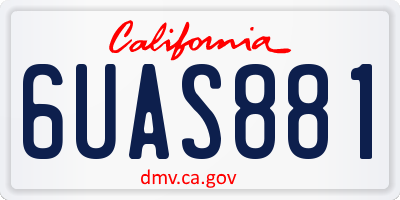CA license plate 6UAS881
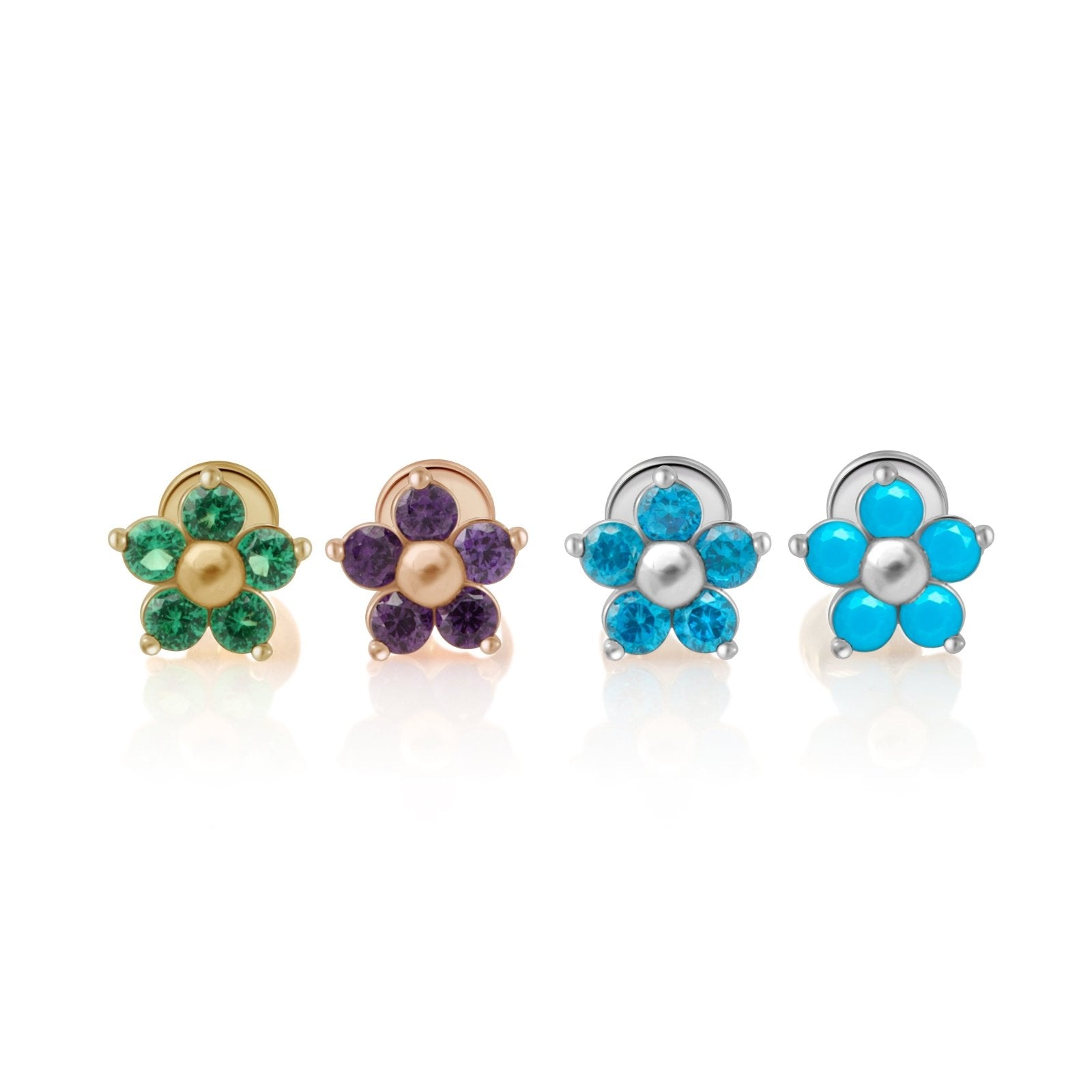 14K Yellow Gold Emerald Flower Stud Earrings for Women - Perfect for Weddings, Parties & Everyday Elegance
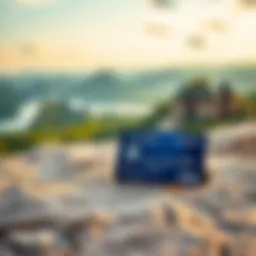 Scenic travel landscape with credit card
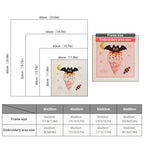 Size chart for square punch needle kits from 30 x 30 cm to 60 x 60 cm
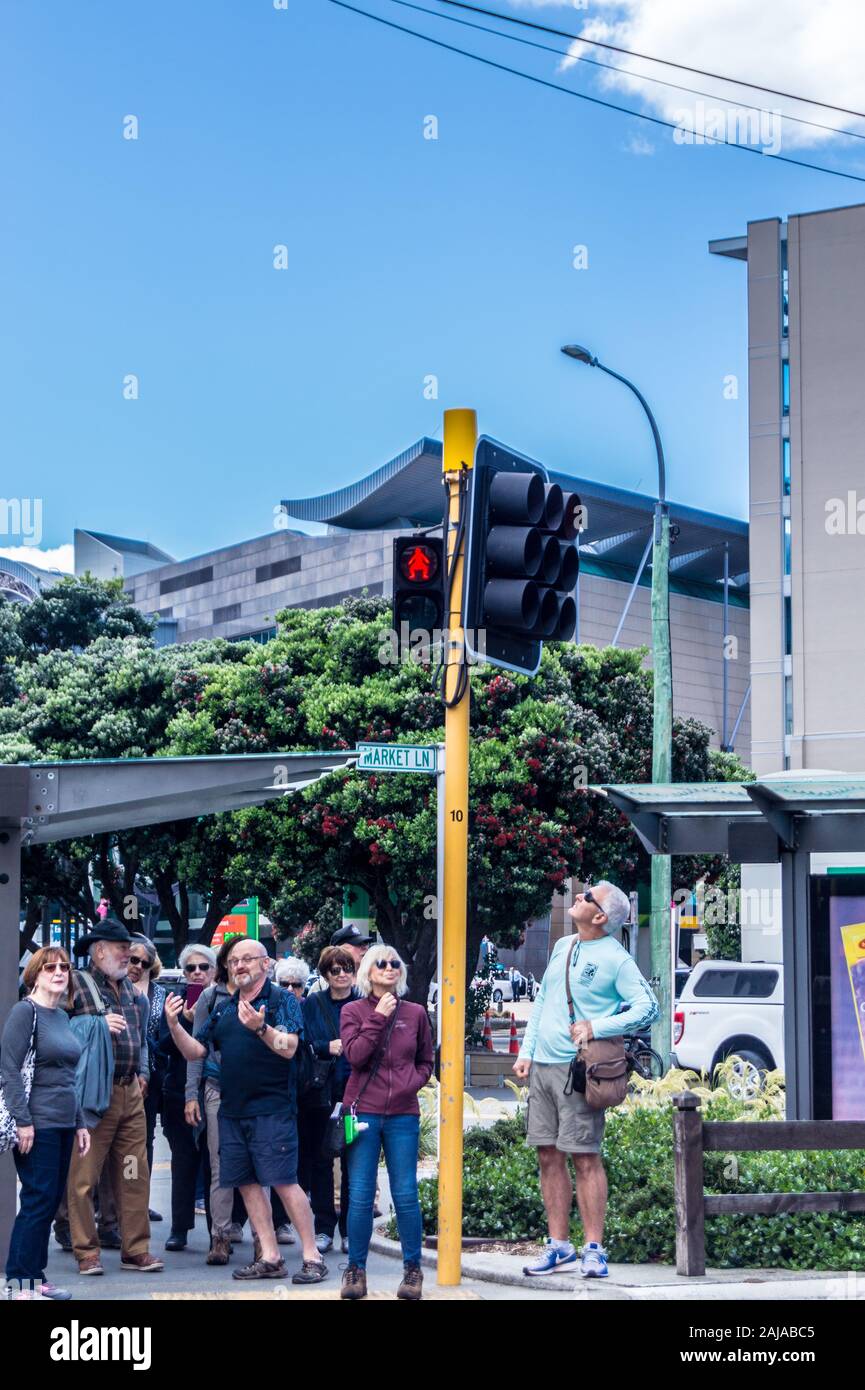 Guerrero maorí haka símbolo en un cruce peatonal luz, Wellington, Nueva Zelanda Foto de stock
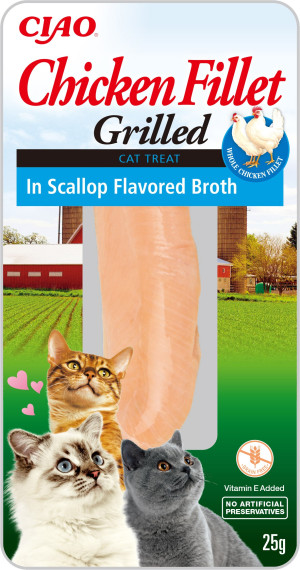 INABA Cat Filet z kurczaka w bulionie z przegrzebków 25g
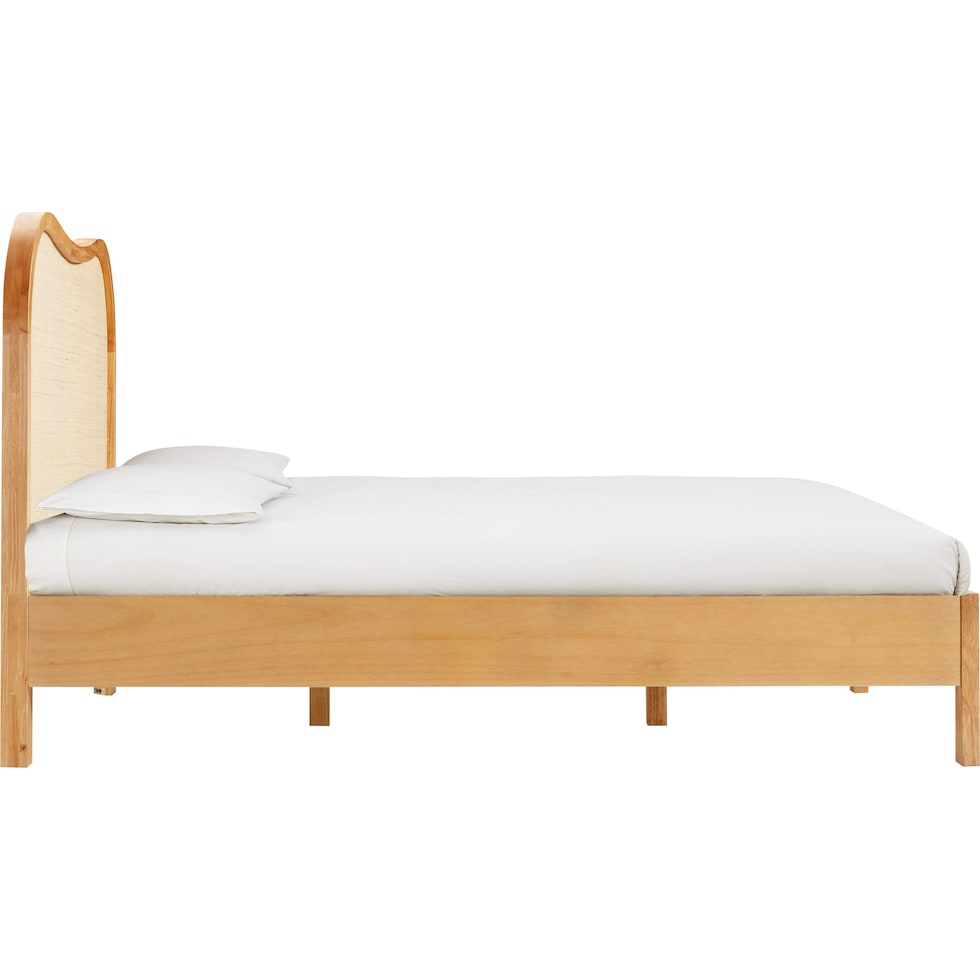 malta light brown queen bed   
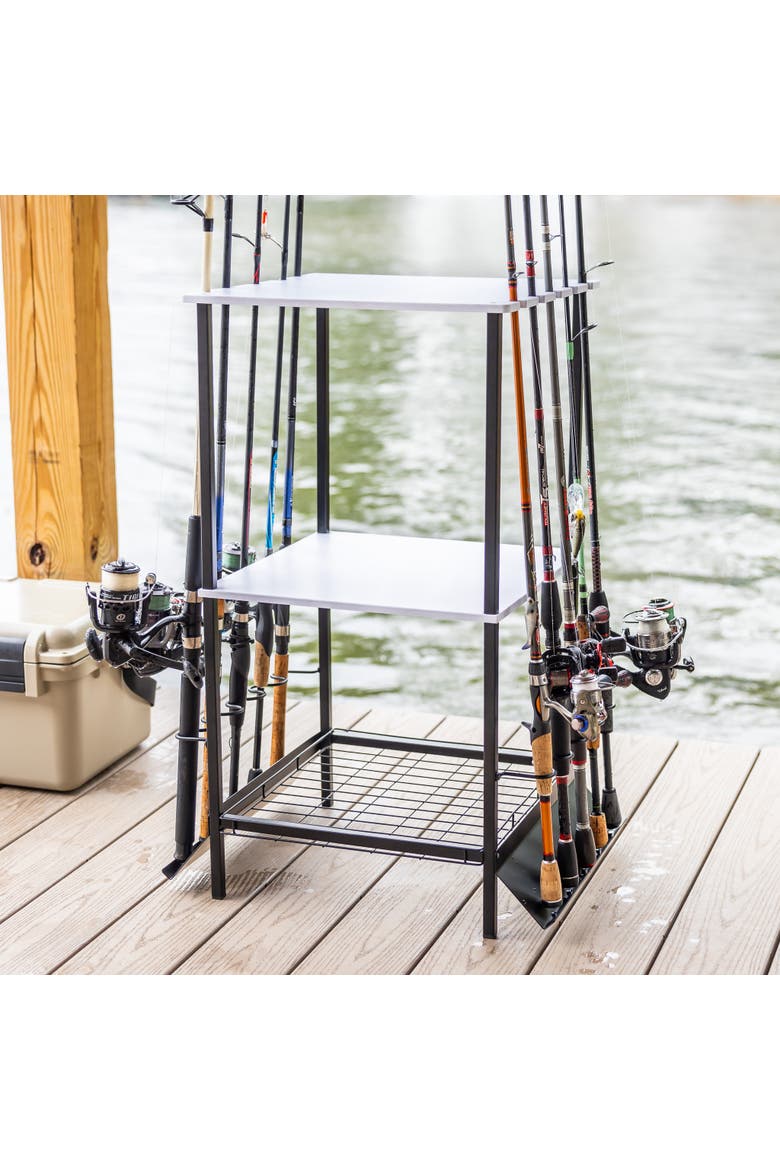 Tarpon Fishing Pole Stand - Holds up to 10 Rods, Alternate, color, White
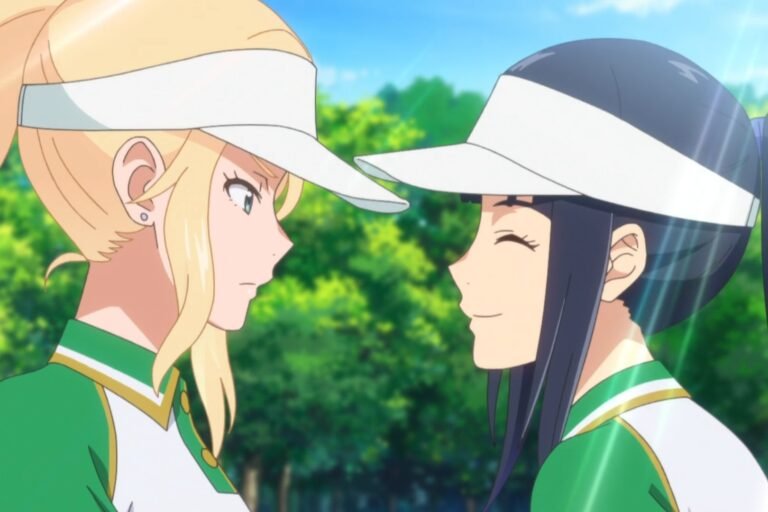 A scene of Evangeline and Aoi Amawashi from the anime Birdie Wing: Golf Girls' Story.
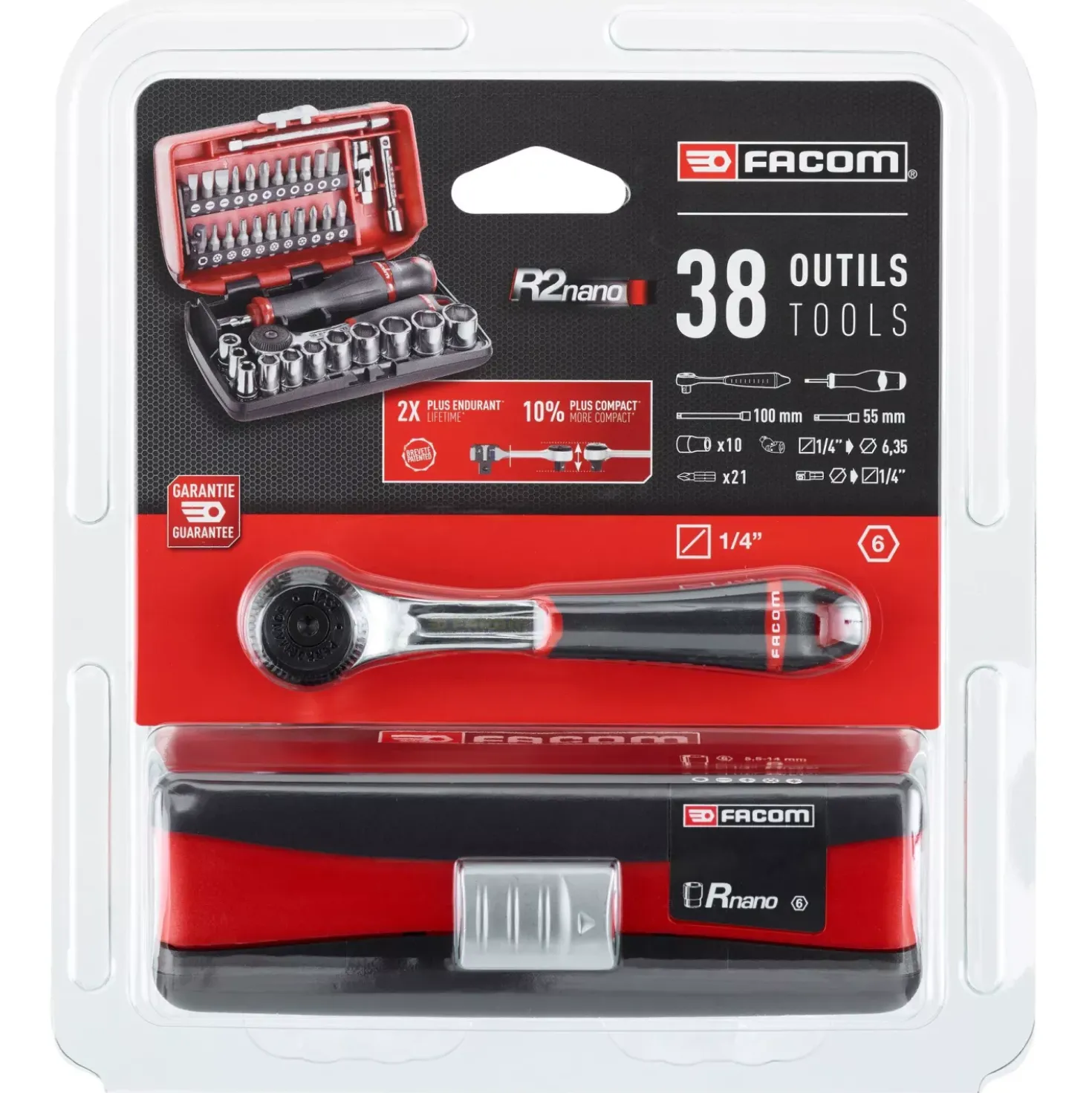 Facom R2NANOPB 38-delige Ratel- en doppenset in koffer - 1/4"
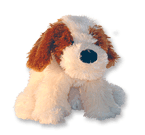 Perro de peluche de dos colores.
....
# Work to be completed
Start at the line holding "14K Yellow Gold" and stop at the last line of the entries above. Repeat those lines exactly, pictures excluded.

# Response box
 14K Yellow Gold Emerald Flower Stud Earrings for Women - Perfect for Weddings, Parties & Everyday Elegance
 Scenic travel landscape with credit card
 Size chart for square punch needle kits from 30 x 30 cm to 60 x 60 cm
 Guerrero maorí haka símbolo en un cruce peatonal luz, Wellington, Nueva Zelanda Foto de stock
 INABA Cat Filet z kurczaka w bulionie z przegrzebków 25g
 malta light brown queen bed   
 Tarpon Fishing Pole Stand - Holds up to 10 Rods, Alternate, color, White
 A scene of Evangeline and Aoi Amawashi from the anime Birdie Wing: Golf Girls' Story.
 Facom R2NANOPB 38-delige Ratel- en doppenset in koffer - 1/4"
 Perro de peluche de dos colores.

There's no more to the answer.